En una eminencia próxima distinguí la Escuela nacional, donde, según más adelante me dijo nuestro huésped, se enseña hebreo, inglés, francés y danés, cuatro lenguas de las cuales, vergüenza me da decirlo, no sabía yo una palabra. Yo hubiera sido el último de los cuarenta discípulos que iban a aquel colegio, y ni digno hubiera sido de acostarme con ellos en aquellos armarios de dos estantes en que una noche sola bastaba para ahogar a los que eran un poco delicados.
En menos de tres horas visité la ciudad y sus alrededores. El aspecto general era singularmente triste. No había árboles, ni vegetación alguna. Dondequiera se presentaban picos de rocas volcánicas. Las chozas de los islandeses, que son de tierra y turba, tienen las paredes inclinadas hacia dentro de suerte que parecen tejados puestos en el suelo. Pero aquellos tejados son praderas relativamente fértiles, en que gracias a la temperatura de la habitación, más elevada que la del aire libre, nace la hierba con alguna abundancia, siendo preciso segarla para que los animales domésticos no pasten en ellos.
Encontré durante mi excursión muy pocos habitantes. Al volver a la calle comercial, vi que la mayor parte de la población estaba ocupada en abrir, salar y almacenar bacalao, principal artículo de exportación. Los hombres parecían robustos, pero pesados. Eran una especie de alemanes rubios y meditabundos, que se sentían algo ajenos de la Humanidad, pobres desterrados, relegados en aquella tierra de hielo, a los cuales la Naturaleza debió hacer esquimales, puesto que les condenaba a vivir dentro del límite del círculo polar. En vano traté de sorprender alguna sonrisa en su semblante; algunas veces alteraba su rostro una contracción involuntaria de los músculos, pero aquella contracción no era una sonrisa.
Una calle de Reikjavík.
Su traje consistía en una blusa grosera de lana negra, que en los países escandinavos se llama vadmel, en un sombrero de ala ancha, un pantalón listado de rojo y un calzado que no es más que un pedazo de cuero doblado.

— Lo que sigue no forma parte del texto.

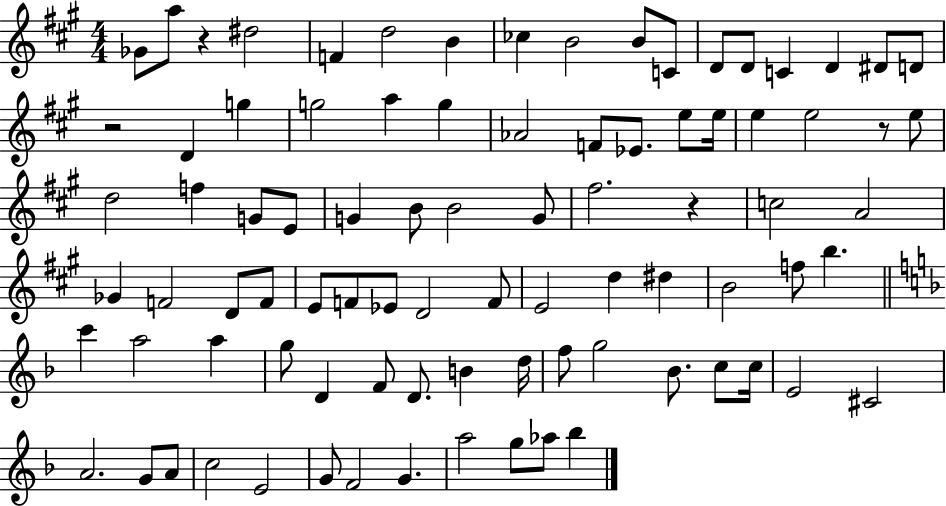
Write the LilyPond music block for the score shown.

{
  \clef treble
  \numericTimeSignature
  \time 4/4
  \key a \major
  ges'8 a''8 r4 dis''2 | f'4 d''2 b'4 | ces''4 b'2 b'8 c'8 | d'8 d'8 c'4 d'4 dis'8 d'8 | \break r2 d'4 g''4 | g''2 a''4 g''4 | aes'2 f'8 ees'8. e''8 e''16 | e''4 e''2 r8 e''8 | \break d''2 f''4 g'8 e'8 | g'4 b'8 b'2 g'8 | fis''2. r4 | c''2 a'2 | \break ges'4 f'2 d'8 f'8 | e'8 f'8 ees'8 d'2 f'8 | e'2 d''4 dis''4 | b'2 f''8 b''4. | \break \bar "||" \break \key f \major c'''4 a''2 a''4 | g''8 d'4 f'8 d'8. b'4 d''16 | f''8 g''2 bes'8. c''8 c''16 | e'2 cis'2 | \break a'2. g'8 a'8 | c''2 e'2 | g'8 f'2 g'4. | a''2 g''8 aes''8 bes''4 | \break \bar "|."
}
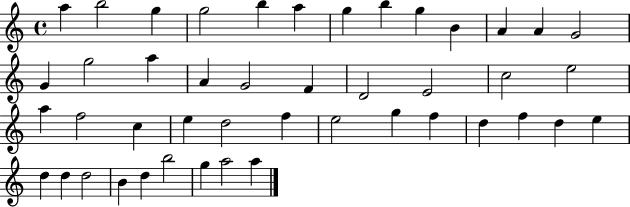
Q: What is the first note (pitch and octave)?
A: A5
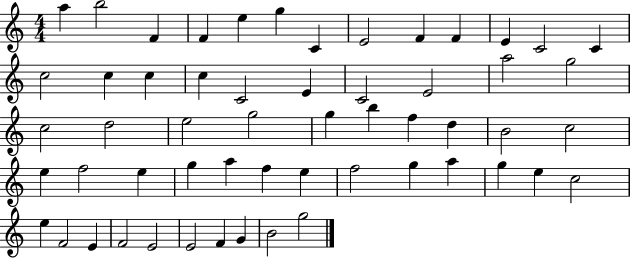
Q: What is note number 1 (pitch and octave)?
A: A5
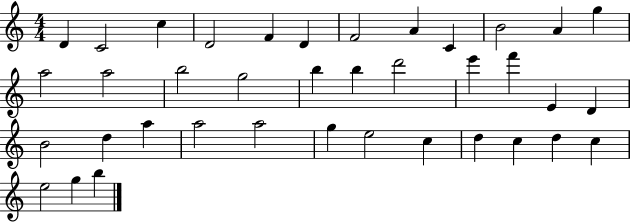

Las mujeres, cuyo tipo es bastante agradable, aunque carecen de expresión, tienen su semblante triste y resignado. Su vestido se reduce a un corpiño y una saya de vadmel oscuro. Las solteras llevan el pelo trenzado, formando guirnaldas que corona un gorro pardo de punto de media. Las casadas cubren su cabeza con un pañuelo de color, sobre el cual descuella una especie de cofia blanca.
Después de haber paseado un buen rato, cuando entré en casa de Monsieur Fridriksson, encontré ya en ella a mi tío en compañía de mi huésped.